My first real change program was to review and optimise our current processes back in 2010. I had little to no experience in process management but as a control freak I started to learn and love process management very quickly.

The biggest problem at that time was that we had a small amount of real processes. None of them was properly documented and we had no clear process owners. So, we almost had a black sheet to start with, for improving our process management.

I had the privileged to define my own “tiger team” and was able to select the best employees from all departments across Europe to support me with this change program.

We first started to identify the needed processes based on the signed off new company’s strategy. We split the processes in four different parts:

  1. Strategic process: 1-3 years (e.g. Strategic definition)
  2. Tactical processes: 3-12 months (e.g. Sales planning, product development)
  3. Operational processes: Day-to-Day (e.g. Sales & delivery)
  4. Support processes: Day-to-day (e.g. HR and support)

The first success was reviewing an old process of program implementation, whereby the end goal was to decrease the current time it took from signature to go live by 75%! This was a very ambitious target but not impossible. First step was actually to start documenting the current process and talk with a lot of stakeholders that are involved in the process; sales, support teams, partners, clients, finance, local account managers in order to understand where the ‘waste’ is in this process. We quickly saw all the bottle necks in the process and together with all the stakeholders we created a new process which was signed off by all of them. Great first step and we celebrated the success……but very quickly we realised that almost nobody followed the new process, only 5% of the stakeholders. That’s where real change management come in and I started to learn about the Elephant and the Rider. See pitfall number four (4).
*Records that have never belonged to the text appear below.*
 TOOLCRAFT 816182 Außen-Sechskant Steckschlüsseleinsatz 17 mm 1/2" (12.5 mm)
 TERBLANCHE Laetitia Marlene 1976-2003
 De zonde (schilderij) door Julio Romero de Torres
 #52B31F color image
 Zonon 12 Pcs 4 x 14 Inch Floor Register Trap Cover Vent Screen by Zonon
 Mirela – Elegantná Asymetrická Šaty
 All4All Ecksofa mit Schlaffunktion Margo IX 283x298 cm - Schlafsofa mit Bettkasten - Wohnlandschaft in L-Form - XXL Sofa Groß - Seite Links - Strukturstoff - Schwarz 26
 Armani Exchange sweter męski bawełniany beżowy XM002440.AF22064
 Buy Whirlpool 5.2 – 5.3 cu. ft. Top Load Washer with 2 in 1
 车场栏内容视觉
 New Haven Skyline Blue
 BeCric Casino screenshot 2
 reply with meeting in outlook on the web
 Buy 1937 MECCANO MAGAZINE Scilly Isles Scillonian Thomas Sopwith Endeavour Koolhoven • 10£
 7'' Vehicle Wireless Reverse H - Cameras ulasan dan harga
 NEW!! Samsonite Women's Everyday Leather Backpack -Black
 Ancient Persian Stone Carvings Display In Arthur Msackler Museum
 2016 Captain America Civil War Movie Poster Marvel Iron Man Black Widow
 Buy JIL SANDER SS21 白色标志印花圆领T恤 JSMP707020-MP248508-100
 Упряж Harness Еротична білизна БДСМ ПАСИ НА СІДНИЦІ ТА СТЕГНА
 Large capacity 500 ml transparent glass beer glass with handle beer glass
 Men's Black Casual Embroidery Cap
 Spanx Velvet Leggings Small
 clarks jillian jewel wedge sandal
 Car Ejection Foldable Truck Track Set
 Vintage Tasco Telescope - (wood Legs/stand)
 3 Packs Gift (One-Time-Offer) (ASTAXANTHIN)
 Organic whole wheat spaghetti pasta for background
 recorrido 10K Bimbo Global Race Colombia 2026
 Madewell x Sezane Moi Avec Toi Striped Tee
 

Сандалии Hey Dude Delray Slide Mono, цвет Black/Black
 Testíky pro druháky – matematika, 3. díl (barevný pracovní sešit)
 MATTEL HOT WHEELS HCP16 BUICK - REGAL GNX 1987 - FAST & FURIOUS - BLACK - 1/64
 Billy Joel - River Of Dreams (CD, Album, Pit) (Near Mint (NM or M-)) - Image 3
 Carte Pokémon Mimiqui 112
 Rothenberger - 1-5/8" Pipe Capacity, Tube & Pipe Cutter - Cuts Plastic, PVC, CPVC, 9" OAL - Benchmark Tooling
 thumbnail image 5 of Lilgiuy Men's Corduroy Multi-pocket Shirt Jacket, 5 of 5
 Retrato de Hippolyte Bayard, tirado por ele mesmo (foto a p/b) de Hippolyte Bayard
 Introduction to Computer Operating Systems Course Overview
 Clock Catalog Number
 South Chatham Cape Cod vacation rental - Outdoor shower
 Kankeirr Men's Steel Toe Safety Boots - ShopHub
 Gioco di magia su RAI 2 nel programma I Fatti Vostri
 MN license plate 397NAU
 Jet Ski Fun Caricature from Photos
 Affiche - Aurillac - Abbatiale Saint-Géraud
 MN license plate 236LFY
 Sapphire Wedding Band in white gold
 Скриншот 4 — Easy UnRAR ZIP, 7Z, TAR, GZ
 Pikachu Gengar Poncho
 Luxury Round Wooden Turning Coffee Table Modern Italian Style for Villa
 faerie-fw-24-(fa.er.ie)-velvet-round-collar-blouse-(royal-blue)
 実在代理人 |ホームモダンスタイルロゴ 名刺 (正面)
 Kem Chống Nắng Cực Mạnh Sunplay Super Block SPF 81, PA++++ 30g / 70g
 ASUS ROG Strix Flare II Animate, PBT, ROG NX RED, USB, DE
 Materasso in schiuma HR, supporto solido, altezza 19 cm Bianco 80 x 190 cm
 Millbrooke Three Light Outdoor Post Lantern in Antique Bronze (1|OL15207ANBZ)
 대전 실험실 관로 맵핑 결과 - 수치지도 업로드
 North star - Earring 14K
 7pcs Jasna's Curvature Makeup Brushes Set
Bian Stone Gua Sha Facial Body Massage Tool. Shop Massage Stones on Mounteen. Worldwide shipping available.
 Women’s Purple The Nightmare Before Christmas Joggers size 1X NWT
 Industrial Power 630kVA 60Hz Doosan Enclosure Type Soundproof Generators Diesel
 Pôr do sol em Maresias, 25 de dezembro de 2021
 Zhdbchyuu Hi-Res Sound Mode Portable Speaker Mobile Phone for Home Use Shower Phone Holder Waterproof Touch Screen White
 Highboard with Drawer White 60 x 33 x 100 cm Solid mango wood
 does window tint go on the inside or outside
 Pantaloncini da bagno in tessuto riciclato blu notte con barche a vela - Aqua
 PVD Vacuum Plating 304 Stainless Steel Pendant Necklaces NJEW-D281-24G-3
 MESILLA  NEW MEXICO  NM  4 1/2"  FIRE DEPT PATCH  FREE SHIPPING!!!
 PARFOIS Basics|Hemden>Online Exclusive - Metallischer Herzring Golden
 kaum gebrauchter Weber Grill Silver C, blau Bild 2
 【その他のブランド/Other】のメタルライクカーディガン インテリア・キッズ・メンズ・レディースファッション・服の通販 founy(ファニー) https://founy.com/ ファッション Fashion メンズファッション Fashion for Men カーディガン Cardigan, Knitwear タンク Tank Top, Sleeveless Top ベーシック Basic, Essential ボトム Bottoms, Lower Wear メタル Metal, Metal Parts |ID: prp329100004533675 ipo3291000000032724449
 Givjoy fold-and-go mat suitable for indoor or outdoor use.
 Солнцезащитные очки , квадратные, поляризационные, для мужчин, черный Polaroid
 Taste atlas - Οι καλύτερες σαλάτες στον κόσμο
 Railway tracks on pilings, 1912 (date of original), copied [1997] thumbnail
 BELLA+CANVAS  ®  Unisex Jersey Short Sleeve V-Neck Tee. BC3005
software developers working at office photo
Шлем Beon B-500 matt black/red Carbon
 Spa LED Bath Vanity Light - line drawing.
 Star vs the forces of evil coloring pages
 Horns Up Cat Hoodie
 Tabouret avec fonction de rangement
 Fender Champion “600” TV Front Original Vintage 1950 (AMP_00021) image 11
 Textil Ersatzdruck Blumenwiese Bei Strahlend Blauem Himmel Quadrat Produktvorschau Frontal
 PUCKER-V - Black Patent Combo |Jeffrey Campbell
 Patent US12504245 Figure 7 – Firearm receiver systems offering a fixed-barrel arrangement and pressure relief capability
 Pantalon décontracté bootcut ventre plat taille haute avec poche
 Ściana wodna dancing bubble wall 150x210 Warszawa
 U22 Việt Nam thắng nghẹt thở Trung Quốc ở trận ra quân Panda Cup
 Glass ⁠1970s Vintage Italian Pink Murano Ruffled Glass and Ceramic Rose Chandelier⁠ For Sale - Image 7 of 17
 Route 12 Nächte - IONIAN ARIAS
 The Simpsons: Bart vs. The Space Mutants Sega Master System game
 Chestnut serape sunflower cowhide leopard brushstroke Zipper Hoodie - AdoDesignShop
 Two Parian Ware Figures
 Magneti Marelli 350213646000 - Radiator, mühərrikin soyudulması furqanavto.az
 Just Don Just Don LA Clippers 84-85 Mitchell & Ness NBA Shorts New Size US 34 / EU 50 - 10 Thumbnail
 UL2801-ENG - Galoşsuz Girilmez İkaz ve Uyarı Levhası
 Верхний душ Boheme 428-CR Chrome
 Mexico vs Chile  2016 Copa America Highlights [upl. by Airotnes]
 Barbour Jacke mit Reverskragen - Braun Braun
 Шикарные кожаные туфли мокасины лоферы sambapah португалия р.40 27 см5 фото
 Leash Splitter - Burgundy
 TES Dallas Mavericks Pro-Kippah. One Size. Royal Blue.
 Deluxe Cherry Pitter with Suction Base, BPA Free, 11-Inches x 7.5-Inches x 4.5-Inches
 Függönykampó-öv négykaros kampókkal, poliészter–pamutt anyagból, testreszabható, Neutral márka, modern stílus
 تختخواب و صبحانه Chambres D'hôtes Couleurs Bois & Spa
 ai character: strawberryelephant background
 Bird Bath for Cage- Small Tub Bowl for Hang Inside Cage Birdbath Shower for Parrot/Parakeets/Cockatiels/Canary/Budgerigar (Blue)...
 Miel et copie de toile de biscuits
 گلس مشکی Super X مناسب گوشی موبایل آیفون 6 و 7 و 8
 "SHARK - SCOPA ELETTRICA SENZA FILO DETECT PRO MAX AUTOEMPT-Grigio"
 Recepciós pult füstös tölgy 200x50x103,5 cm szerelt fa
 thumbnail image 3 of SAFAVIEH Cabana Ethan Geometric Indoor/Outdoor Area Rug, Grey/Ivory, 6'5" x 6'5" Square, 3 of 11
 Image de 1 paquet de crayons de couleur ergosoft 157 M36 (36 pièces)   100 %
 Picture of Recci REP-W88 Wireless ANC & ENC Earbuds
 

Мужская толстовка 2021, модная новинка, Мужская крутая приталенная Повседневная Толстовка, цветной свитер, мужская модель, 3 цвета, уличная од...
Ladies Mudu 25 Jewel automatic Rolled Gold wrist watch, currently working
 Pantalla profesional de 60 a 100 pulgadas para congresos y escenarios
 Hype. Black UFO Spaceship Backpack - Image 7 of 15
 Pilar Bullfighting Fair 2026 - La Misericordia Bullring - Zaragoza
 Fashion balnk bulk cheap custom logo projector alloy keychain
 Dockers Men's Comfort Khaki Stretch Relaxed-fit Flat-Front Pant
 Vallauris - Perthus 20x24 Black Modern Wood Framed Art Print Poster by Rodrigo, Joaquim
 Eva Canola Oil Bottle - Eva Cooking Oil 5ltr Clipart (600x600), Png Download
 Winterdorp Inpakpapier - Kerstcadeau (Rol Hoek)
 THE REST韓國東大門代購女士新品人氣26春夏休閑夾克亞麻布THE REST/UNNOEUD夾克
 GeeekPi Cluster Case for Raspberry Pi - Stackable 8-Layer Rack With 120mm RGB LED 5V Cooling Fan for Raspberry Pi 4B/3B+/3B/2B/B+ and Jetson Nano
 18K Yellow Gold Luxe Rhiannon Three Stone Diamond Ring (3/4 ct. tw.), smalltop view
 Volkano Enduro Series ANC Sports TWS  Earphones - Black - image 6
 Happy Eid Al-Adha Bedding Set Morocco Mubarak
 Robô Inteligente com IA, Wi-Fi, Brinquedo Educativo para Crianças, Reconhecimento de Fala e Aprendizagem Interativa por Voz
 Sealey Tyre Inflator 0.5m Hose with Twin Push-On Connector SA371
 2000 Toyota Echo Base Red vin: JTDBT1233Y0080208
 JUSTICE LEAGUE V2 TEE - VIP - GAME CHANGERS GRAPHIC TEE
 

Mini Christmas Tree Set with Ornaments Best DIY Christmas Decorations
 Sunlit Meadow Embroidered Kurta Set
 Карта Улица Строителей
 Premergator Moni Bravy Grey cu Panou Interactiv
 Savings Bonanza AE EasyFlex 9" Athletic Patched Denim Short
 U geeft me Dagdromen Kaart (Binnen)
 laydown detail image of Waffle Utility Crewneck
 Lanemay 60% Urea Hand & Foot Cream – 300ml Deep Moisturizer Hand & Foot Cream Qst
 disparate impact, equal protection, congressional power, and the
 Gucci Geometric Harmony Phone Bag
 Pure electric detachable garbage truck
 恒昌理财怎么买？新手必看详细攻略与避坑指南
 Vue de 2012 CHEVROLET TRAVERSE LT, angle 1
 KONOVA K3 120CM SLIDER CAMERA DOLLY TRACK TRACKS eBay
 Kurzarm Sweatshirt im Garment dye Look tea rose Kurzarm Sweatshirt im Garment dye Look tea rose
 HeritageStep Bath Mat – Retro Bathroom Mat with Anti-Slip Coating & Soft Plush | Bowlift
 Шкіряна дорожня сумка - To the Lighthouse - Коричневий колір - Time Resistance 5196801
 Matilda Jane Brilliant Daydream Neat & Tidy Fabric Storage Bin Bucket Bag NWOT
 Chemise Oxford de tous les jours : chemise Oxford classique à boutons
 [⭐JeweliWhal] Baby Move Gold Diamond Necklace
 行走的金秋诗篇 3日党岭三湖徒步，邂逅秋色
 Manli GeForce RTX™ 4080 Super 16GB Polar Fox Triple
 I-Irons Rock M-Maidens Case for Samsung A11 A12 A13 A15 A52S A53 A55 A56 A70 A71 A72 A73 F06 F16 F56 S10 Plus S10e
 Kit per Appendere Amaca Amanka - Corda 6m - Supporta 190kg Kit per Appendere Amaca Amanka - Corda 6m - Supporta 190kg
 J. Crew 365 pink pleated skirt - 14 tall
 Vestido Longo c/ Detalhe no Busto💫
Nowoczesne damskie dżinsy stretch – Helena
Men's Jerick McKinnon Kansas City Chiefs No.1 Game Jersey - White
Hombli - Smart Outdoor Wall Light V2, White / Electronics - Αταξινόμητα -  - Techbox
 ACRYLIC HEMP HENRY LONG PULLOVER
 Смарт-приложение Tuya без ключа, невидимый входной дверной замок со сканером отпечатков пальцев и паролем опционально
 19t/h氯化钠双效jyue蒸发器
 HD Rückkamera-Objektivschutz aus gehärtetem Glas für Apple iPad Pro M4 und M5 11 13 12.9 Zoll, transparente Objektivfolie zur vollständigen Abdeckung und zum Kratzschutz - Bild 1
The fasted learnings are always when you fail fast and adapt your ways of working based on the feedback and behaviour. Based on this fast failing we were able to roll out multiple new business processes across the whole company in Europe.

We build the following processes:

  • 10 steps sales, delivery and support process – this process was the basis for the CRM implementation one year later
    • Lead and sales process
    • Client Management process
    • Support & implementation process
  • Product Development Process
    • Product Life Cycle, from idea to end of life
  • Program Life cycle
    • Programs / clients from sales to end of life
  • HR processes
  • Strategic processes
  • Change management processes
  • Financial / Billing processes
  • Sales & Marketing planning
  • Performance management
  • Budget planning
  • Recruitment & Career planning process

We never followed purely one of the famous process management methodologies, but we always used a combination, or what we called the based part of these processes:

  • ADKAR (PROCSI)
  • Kaizen
  • Six Sigma (DMAIC)
  • Lean
  • Scrum / Kaban
  • Agile
  • Design thinking

The same goes for the change management process to implement the new and updated process. We also used a combination of different change processes like:

  • Elephant & the Rider
  • ADKAR model
  • Lewin’s change management model
  • McKinsey’s 7-S model
  • Kotter’s theory
  • Kubler-Ross’ change curve

My biggest learnings from developing and implementing business processes:

  • Communicate clearly the reason WHY the process is needed
  • Clear understanding of the purpose of a process
  • Clear definition of the process
  • Appoint a strong process owner and define a clear definition of what is expected from a process owner
  • Every process should positively change the behaviour of the process users
  • Clear KPI’s – To be able to optimize the process efficiency and effectiveness
  • Clear Roles & Responsibilities – To make sure that the process is working in its optimal way
  • Clear criteria to pass the toll gates (what questions do we need to ask ourselves in order to pass the gates)
process management

Processes are great and can smoothen the business, but they need to be used with care, like Jeff Bezos say:

“Good process serves you, so you can serve customers. But if you’re not watchful, the process can become the thing”

So always ask yourself – DO WE OWN THE PROCESS, OR DOES THE PROCESS OWN US?